> _Short descriptive text snippets_
---
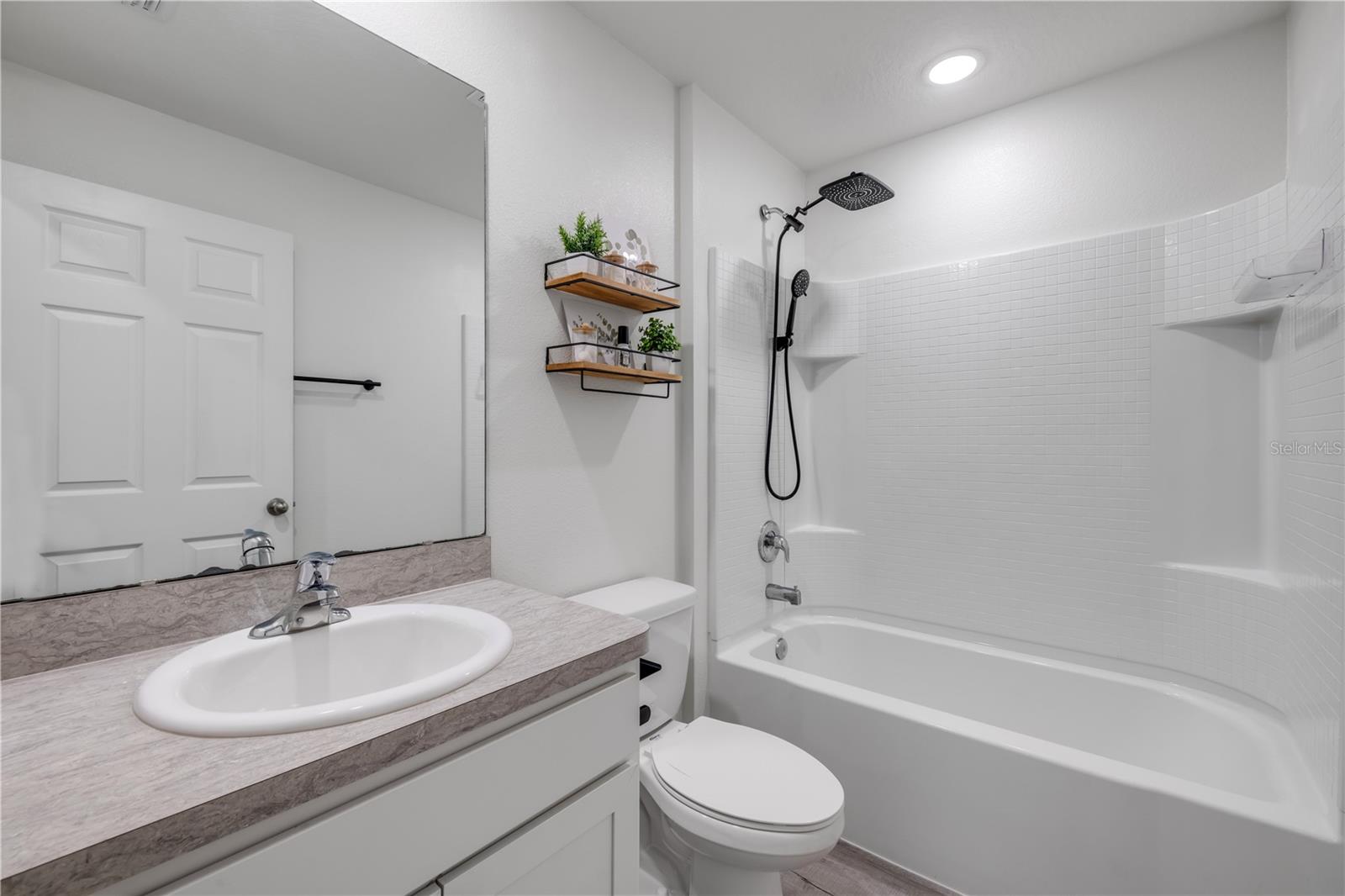 PALM COAST SEC 26 - Residential
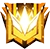 ONE IN A LIFETIME NO MISS DEAL
S-2 GOLDEN HIP HOP
6 GUN MAXXX WITH OP COLLECTION

❤️‍🔥 *650+ VALUT* 

⚡ *LEVEL:80* 
⚡ *LIKE:58,000* 
⚡ *S-2 GOLDEN ELITE* 
⚡ *CHAIR EMOTE* 
⚡ *HEART EMOTE*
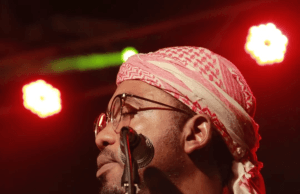 AUDIO Hammer Q – Hila Mp3 Download Side Makini Blog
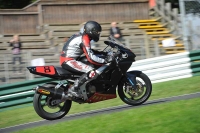 Motorcycle-action-photographs;Trackday-digital-images;cadwell;cadwell-park-photographs;event-digital-images;eventdigitalimages;motor-racing-louth-lincolnshire;no-limits-trackdays;peter-wileman-photography;trackday;trackday-photos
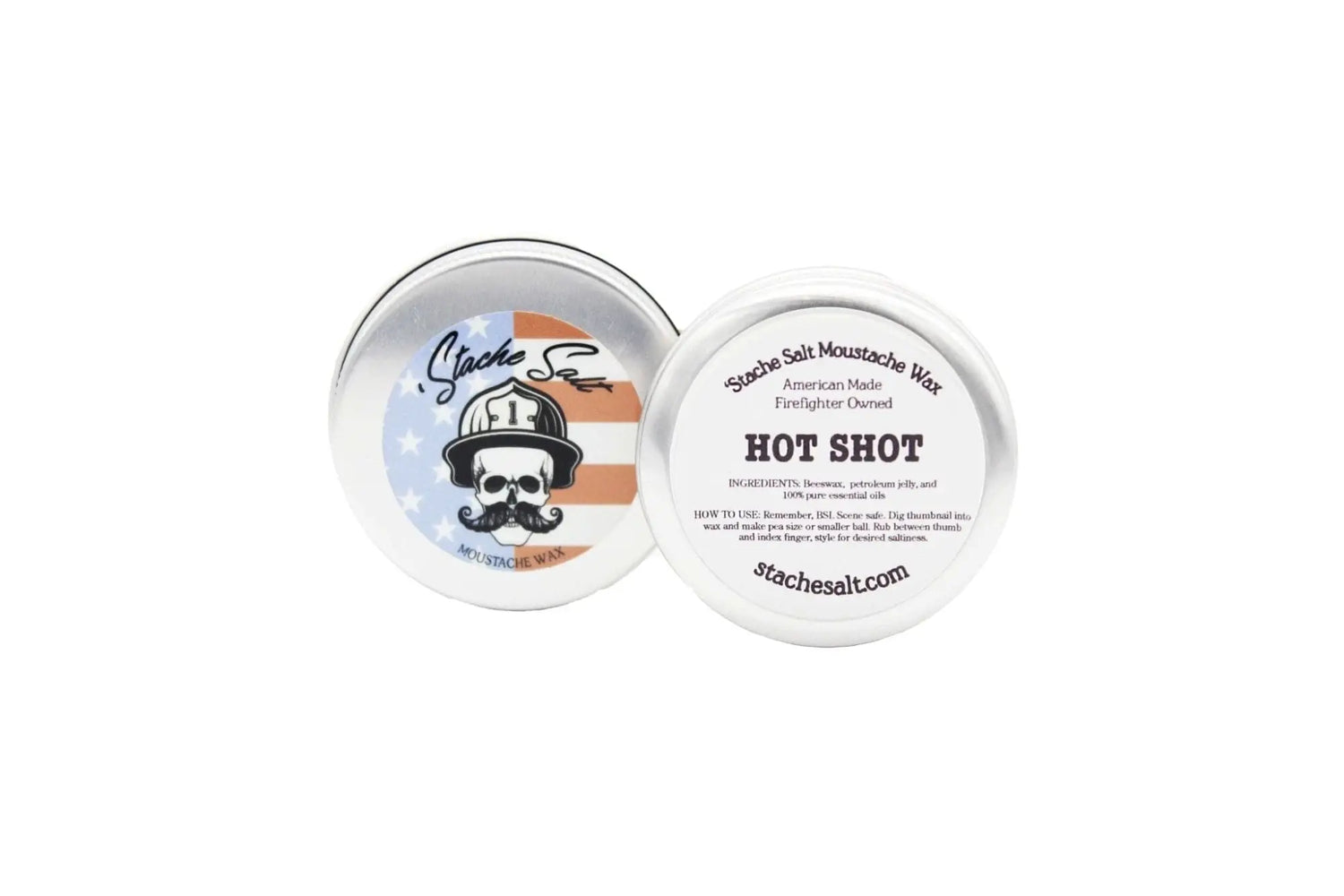 Shave / Mustache/ Beard supplies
---
> _TASK TO COMPLETE_
Above are the records. Copy only the lines from the one with "ONE IN A LIFETIME NO MISS DEAL" through the one with "AUDIO Hammer Q", exactly, with no pictures.

> _EXERCISE OUTPUT_
 ONE IN A LIFETIME NO MISS DEAL
S-2 GOLDEN HIP HOP
6 GUN MAXXX WITH OP COLLECTION

❤️‍🔥 *650+ VALUT* 

⚡ *LEVEL:80* 
⚡ *LIKE:58,000* 
⚡ *S-2 GOLDEN ELITE* 
⚡ *CHAIR EMOTE* 
⚡ *HEART EMOTE*
 AUDIO Hammer Q – Hila Mp3 Download Side Makini Blog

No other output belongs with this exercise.